Perhaps the most nationally recognized Murdaugh fraud victims were Gloria Satterfield, the Murdaugh family nanny and housekeeper of more than two decades, and her sons.
Satterfield died at 57 in 2018 at the Moselle property in South Carolina where Maggie and Paul Murdaugh were shot to death years later. Alex Murdaugh infamously blamed Gloria Satterfield’s fatal fall down stairs on his family’s dogs and, through that lie, was able to reap the benefits of $4.3 million in insurance settlement money through insurers Lloyd’s of London and Nautilus.
Prosecutor Creighton Waters began Tuesday by describing Alex Murdaugh’s schemes as a “sleight of hand,” where he would hand victims a check while stealing behind their backs.
That’s what Pamela Pinckney has said Murdaugh did to her and her son Hakeem, who died two years after he was paralyzed in a crash.
Rather than helping her and her quadriplegic son, Alex Murdaugh circled around the Pinckneys like a vulture.
“He painted a pretty picture in front of my presence. But behind my back, it was otherwise,” Pamela Pinckney said in 2022. “I was just in disbelief. Up until this day, it’s like it just doesn’t seem real to me, what really took place and what happened.”
Disgraced attorney Cory Fleming, Murdaugh’s sentenced federal co-conspirator, admittedly played a role in stealing settlement funds from Hakeem Pinckney’s estate. From the DOJ:
In addition to the scheme Fleming admitted to in his guilty plea, Fleming was held responsible at sentencing for the theft of settlement funds from a client whose son passed away after being rendered a quadriplegic in a car accident. Specifically, Fleming used $8,528.46 of the estate’s funds to issue two checks to pay for a private plane to attend the College World Series, and he wrote a $4,560 check from the estate’s trust account directly to Murdaugh claiming the funds were legitimate expenses. Finally, Fleming used $89,133.44 remaining in the trust account to issue a check for Murdaugh’s benefit rather than properly disbursing the funds to the estate.
Murdaugh was the one who referred the Pinckneys and Gloria Satterfield’s family to Fleming. Gloria Satterfield’s sons, Waters said, never received a dime of millions in settlement funds after their mother’s death.
Fleming was sentenced in the state case to 20 years in prison back in September.
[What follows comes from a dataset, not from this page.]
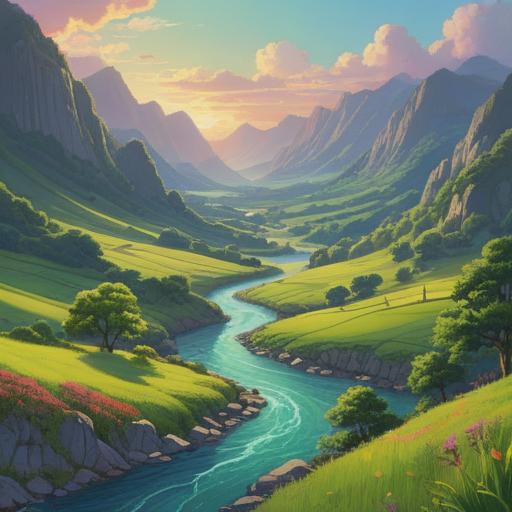 A serene landscape featuring a vibrant rainbow arching over a lush green valley, a tranquil river flowing beneath, soft sunlight illuminating the scene, ethereal mist rising from the ground, symbolic representations of peace and spiritual awakening, enchanting flora and fauna, harmonious colors blending together, 4k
But defendant Murdaugh was also able to commit various financial crimes, the prosecutor said, through corrupt Palmetto State Bank CEO Russell Laffitte — himself the scion of a family dynasty and a conservator for Alex Murdaugh’s personal injury clients. Though Laffitte has not stood trial following his indictment in the state case, the ex-banker was convicted and sentenced in August to federal prison for a string of frauds that the feds said targeted “unusually vulnerable victims.”
Waters said that Murdaugh’s power, trust, and influence, in South Carolina, in no small part due to the longstanding family legal dynasty established by his predecessors, enabled him to commit crimes under the guise of being an upstanding citizen of regional importance.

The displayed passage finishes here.